** Provided data **
───

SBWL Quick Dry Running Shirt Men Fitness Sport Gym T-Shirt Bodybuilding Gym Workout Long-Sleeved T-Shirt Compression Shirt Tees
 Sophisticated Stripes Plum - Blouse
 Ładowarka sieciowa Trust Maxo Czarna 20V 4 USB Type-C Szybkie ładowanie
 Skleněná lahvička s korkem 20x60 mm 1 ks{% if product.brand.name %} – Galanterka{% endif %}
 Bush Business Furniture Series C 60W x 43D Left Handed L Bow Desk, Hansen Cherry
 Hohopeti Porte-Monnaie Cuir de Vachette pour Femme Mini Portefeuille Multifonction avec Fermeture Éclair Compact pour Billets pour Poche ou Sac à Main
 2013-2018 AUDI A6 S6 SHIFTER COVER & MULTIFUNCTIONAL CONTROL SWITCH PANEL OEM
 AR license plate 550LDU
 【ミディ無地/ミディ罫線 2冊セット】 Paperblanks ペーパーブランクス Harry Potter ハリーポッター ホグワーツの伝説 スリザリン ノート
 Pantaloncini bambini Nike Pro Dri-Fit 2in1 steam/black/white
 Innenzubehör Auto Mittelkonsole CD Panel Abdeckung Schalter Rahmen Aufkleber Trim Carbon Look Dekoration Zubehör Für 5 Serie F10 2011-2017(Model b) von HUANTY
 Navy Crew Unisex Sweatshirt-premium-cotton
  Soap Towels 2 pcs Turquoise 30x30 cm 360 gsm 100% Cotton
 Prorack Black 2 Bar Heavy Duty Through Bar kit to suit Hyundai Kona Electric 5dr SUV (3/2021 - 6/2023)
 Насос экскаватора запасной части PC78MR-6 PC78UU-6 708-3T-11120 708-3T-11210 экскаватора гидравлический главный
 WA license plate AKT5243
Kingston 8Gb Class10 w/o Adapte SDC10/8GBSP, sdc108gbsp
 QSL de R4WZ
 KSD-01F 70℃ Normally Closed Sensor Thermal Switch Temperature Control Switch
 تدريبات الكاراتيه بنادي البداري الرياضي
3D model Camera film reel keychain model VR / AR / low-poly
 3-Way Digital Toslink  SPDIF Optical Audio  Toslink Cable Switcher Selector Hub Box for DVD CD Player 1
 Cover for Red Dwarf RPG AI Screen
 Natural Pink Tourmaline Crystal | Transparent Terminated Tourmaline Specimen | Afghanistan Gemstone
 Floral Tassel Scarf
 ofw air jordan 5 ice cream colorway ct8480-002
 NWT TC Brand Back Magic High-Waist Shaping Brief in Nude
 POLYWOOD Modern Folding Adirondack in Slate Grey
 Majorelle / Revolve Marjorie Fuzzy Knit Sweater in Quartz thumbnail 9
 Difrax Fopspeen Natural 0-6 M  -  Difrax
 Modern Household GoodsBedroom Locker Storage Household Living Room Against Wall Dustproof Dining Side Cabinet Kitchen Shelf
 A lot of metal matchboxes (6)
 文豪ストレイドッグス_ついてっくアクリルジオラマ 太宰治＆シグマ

───

The lines above, from the first through the one containing "Pantaloncini bambini Nike", must be restated word for word, with nothing added.

** Reply to the exercise **
SBWL Quick Dry Running Shirt Men Fitness Sport Gym T-Shirt Bodybuilding Gym Workout Long-Sleeved T-Shirt Compression Shirt Tees
 Sophisticated Stripes Plum - Blouse
 Ładowarka sieciowa Trust Maxo Czarna 20V 4 USB Type-C Szybkie ładowanie
 Skleněná lahvička s korkem 20x60 mm 1 ks{% if product.brand.name %} – Galanterka{% endif %}
 Bush Business Furniture Series C 60W x 43D Left Handed L Bow Desk, Hansen Cherry
 Hohopeti Porte-Monnaie Cuir de Vachette pour Femme Mini Portefeuille Multifonction avec Fermeture Éclair Compact pour Billets pour Poche ou Sac à Main
 2013-2018 AUDI A6 S6 SHIFTER COVER & MULTIFUNCTIONAL CONTROL SWITCH PANEL OEM
 AR license plate 550LDU
 【ミディ無地/ミディ罫線 2冊セット】 Paperblanks ペーパーブランクス Harry Potter ハリーポッター ホグワーツの伝説 スリザリン ノート
 Pantaloncini bambini Nike Pro Dri-Fit 2in1 steam/black/white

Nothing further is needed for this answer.